Il sottotenente si pulì gli occhiali della polvere. «Siamo qui, a Orël. Da qui partirà il nostro contrattacco. Sono fiducioso».

«Lo vorrei essere anch'io».

«Orël. Significa Aquila, in russo. Questa città fu fondata da Ivan in Terribile. Penso che, dato che siamo qua, l'abbiamo liberata. Da adesso, Orël sarà una città più bella».

«Dice?». Il soldato indicò le macerie, gli edifici ridotti in ruderi, la popolazione civile che moriva di fame. Erano una buona metà i cadaveri di morti di inedia; l'altra metà per gli effetti diretti della guerra.

«Sì, ne sono certo». Il sottotenente si congedò da quel soldato, stizzito.

«Ebbene, sottotenente, come va?» gli chiese un capitano.

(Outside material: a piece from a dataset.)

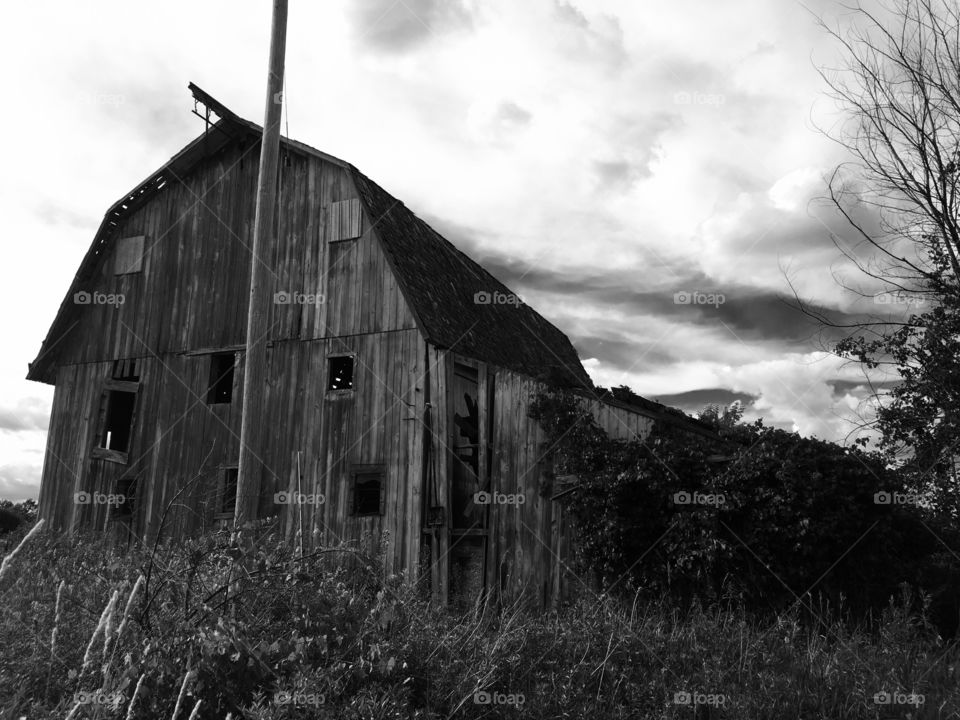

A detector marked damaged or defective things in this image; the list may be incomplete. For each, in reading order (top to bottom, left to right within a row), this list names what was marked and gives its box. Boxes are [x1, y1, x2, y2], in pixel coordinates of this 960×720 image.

«Bene, bene, signore». Il sottotenente adesso era nel circolo ufficiali del reggimento di fanteria e pensò a quel soldato. Lo trovava sfiduciato, disfattista. Un codardo, un traditore pronto alla diserzione. Quel soldato era solo un peso per l'Heer e le truppe di stanza in Russia. Era colpa sua se, a Mosca, le forze dell'Asse erano state respinte. Necessitava di una lezione.

Ma come?

Il sottotenente guardò quella sequela di armi: c'era una Lüger P08, una Walther P38, e poi una Mauser Hsc da 7,65 millimetri, una Walther PP e un'altra Walther PPK, infine una Sauer M38.

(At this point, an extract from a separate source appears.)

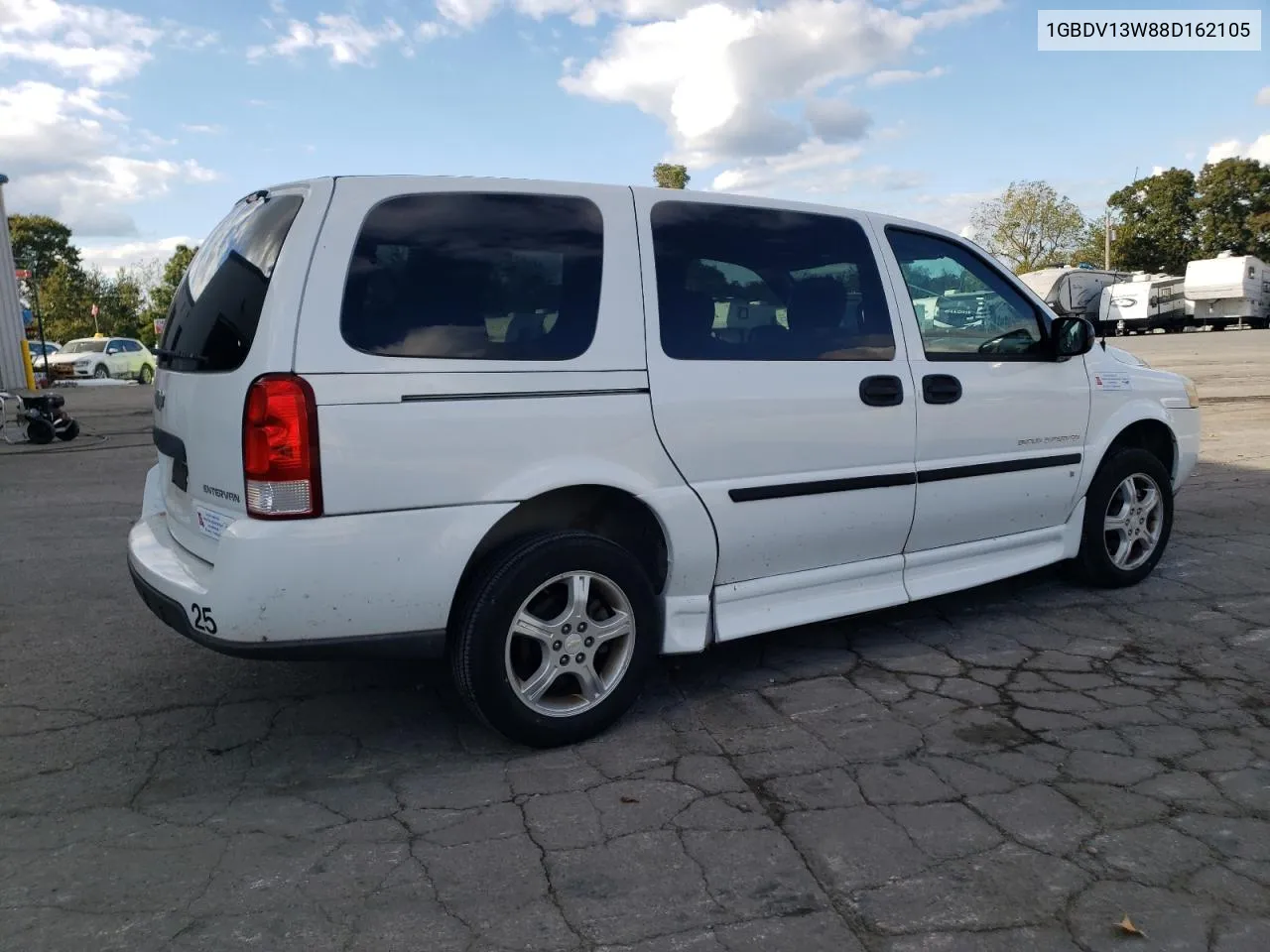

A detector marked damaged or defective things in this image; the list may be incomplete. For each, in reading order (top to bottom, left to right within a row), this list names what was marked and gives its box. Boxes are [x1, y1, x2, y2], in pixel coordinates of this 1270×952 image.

«Chiedo scusa». Il sottotenente si rivolse all'armiere.

«Sì, mi dica, signore». L'armiere lo guardò dopo aver abbassato il giornale che stava leggendo.

«Vorrei quella Walther PPK».

«Perché, signore?».

«La mia Lüger P08 non va, e sai, se i banditi mi fermano, io che faccio?».

«Oh, sì. Dipendesse da me gliela consegnerei subito. Ma sa, tutte queste sono da esposizione per gli ufficiali. Sono per bellezza».

«E infatti io sono un ufficiale». Il sottotenente mostrò le spalline.

«Sì...». L'armiere non sembrava convinto. «Avrebbe bisogno del permesso del capitano».

«Glielo dico io dopo. Adesso il capitano non c'è».

L'armiere sospirò rassegnato. «D'accordo. Questa è la chiave della vetrinetta».

«Non te ne pentirai». Il sottotenente, tempo neanche un minuto, prese la PPK. Restituì la chiave.

«Questo è il caricatore. Prismatico. Nove colpi». L'armiere sembrava nervoso.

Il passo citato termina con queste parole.